Dataset excerpt:
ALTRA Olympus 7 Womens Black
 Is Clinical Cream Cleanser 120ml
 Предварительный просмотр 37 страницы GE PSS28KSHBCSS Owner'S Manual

Your task: An exact copy of every line above is needed.

Solution to this exercise:
ALTRA Olympus 7 Womens Black
 Is Clinical Cream Cleanser 120ml
 Предварительный просмотр 37 страницы GE PSS28KSHBCSS Owner'S Manual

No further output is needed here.